Я не знаю, как это все сделалось, но я подошла и машинально поцеловала у отца руку, машинально также поцеловала в губы Марью Ивановну. Отец даже что-то сказал мне, как будто вроде родительскою благословения, но я ничего не поняла: я все думала о том, что это за странный рок, который так обидно забавляется судьбою моею и как будто в насмешку устроивает все так, что одна минута счастия влечет за собою целую бездну погибели и страдания.
Бессвязно долетали до меня приветствия и поздравления домашних, смутно слушала я слова Марьи Ивановны: "Смотрите, как довольна, говорить не может от радости, а нам ни полслова, плутовка!

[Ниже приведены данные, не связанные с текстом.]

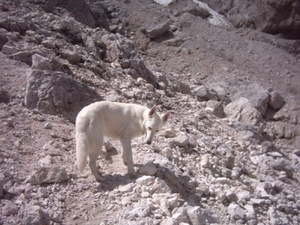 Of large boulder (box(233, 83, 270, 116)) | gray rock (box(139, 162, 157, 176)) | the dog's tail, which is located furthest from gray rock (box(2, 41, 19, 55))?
large boulder (box(233, 83, 270, 116))

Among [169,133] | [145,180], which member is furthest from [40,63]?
[145,180]

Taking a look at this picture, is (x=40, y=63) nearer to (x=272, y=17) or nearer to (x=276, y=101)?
(x=276, y=101)

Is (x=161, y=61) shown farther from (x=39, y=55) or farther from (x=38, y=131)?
(x=38, y=131)

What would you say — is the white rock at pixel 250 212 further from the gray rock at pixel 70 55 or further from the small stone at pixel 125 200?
the gray rock at pixel 70 55

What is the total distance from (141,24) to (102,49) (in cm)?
923

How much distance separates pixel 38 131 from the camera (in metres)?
7.87

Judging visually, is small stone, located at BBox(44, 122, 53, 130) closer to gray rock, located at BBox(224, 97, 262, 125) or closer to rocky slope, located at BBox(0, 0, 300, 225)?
rocky slope, located at BBox(0, 0, 300, 225)

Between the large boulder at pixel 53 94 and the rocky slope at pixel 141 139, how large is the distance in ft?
0.09

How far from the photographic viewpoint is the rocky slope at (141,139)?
618cm

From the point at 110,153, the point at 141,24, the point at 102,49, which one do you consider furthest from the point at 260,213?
the point at 141,24

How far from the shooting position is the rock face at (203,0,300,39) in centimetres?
2655

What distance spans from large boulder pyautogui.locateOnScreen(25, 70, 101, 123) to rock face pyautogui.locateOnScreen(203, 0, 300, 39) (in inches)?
818

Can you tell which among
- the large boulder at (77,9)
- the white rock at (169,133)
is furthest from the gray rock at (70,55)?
the large boulder at (77,9)

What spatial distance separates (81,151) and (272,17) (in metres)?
24.1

Да уж бог с тобой: была бы ты счастлива, была бы ты весела, а нам, старикам, пора и на покой! Так ли, друг мой?"
Наконец и он подошел.
— Позвольте вас поздравить, Татьяна Игнатьевна, — сказал он.
— С чем, Андрей Павлыч?
— С началом новой жизни; ведь вы с завтрашнего дня будете объявлены невестой.
— Ах, да, а я и забыла; благодарю вас, Андрей Павлыч, благодарю за участие.
И он еще хотел что-то сказать мне, но не мог, потому что в продолжение целого дня Марья Ивановна не отступала от меня ни на шаг. Что же хотел он сказать мне?
Не знаю, как добила я этот несчастный день; насилу-то оставили наконец меня одну, насилу могу я запереться в своей комнатке. Говорят, будто завтра приедет жених, и мне приказано пораньше заснуть, чтоб быть свежее и веселее… а я больна и, может быть, вовсе не встану с постели!
Господи! где рука твоя, где твоя благость? Я умираю, я гибну, я поневоле подниму на себя руки, если все это не кончится! потому что нет мне больше силы терпеть, потому что терпенье — бесплодная добродетель, над которою смеются, в которую бросают каменьями! Пусть же покажет оно лицо свое, пусть явится оно, давно желанное провидение, когда нужна его помощь, потому что тут нечего ждать, нечего медлить, надо скорее спешить на помощь, потому что одна минута промедления будет стоить целой жизни человеку!
Уж скоро будет неделя, как Гуров объявлен моим женихом и почти безвыездно живет у нас. Нельзя представить себе того мученья, которое я терплю все это время: целые дни он, как тень, ни на шаг не отходит от меня, целые дни твердит мне о своей любви, о симпатии душ, читает свои стихи, спрашивает у меня советов, и когда я молчу, потому что действительно не знаю, что отвечать на его вопросы, он жалобно, почти со слезами, говорит мне: "Что ж вы ничего не скажете, Татьяна Игнатьевна? или вы равнодушны к моему чувству, или вы не любите меня, друг мой?"
Если б он знал, какая горькая для него истина заключается в этих невольно высказавшихся словах!
И как будто нарочно, Нагибин постоянно оставляет нас одних, чуть только есть маленькая возможность ускользнуть ему от меня!
Отчего же не могу я любить Гурова? отчего он жалок мне? отчего его любовь кажется приторною, переслащенною, его предупредительность надоедает мне? И действительно, в нем совершенно нет никакого внутреннего содержания и слишком мало образованности, начитанности, чтоб хоть сколько-нибудь заменить этот недостаток, так что в одну минуту, в одном разговоре, он так вполне всего себя выскажет, что более ничего не остается и знать об нем. А между тем любовь именно и живет этой неизвестностью, именно в том и обаяние ее, что беспрестанно думаешь, будто вполне изведала всю душу, всю жизнь любимого человека, и беспрестанно открываешь в нем новые стороны, новый неисчерпаемый источник для изучения… До тех только пор и живет страсть, покуда она еще не вполне удовлетворена, покуда еще остается ей желать; тогда только и возможна она, когда пробуждают ее от полузабытья ее, заставляют быть деятельною, предприимчивою.